A warm feeling washed over Elle for no particular reason. She was glad to see the tall girl, as she’d get a commission, but that wouldn’t bring this flush on, would it? She felt a little sweat coming on her forehead, which troubled her. Sweat without heat or exertion was never a good sign.
“Roxanne,” said the girl with a low little nod.
“Brynn,” added the next one.
“Harper,” said the Troy-looking one.
Might as well send Brynn across the hall, Elle thought.
“We’re here to answer any questions and, well, just talk through the process,” said Troy.
“Do you travel, too?” said Roxanne.
“I used to!” said Troy, “Now I do all this boring office work.”
He has kids. A life outside the job.
“It’s really wonderful to meet you, um, officially,” Roxanne said to Elle. “I still remember the commercial.”
Flattering me, letting the others know we’ve already met.
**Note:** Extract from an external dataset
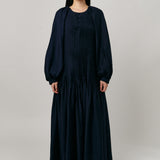 Studio Pintuck Dress in Navy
It’s good that she’s smart, but is she too scheming? Troy still looked elated, though. He hadn’t noticed, or it hadn’t fazed him.
Harper said, “My mom wanted me to ask first thing. There’s no, uh—”
“No sex?” said Troy. “Correct. This division provides an entirely non-sexual travel experience. Across the hall may be a different story.” He winked.
Elle looked at Brynn, who looked away. “Everyone here is eighteen, though, right?” she said, and they nodded. Troy tapped his glasses to let her know their data had been reviewed.
“And no, uh, implantations?” asked Harper with a gesture to the side of his head.
“Glasses-only here. We’re real old-fashioned,” said Elle.
“The jobs are really more siloed than people realize,” said Troy. “Across the hall you could hire, for example, a honeymooning couple equipped with intimate sensors. At another agency you’ll find gastronomical travelers who have all this scent and taste gear–‘implantations,’ if you will–and so many other kinds as well. Here, we do what we like to refer to as ‘clean’ work. It’s all basically visual. They’re seeing what you see, and that’s it.”
“I mean, that’s not quite it,” said Elle.
“No?” said Troy with a curious look. Elle really did like him.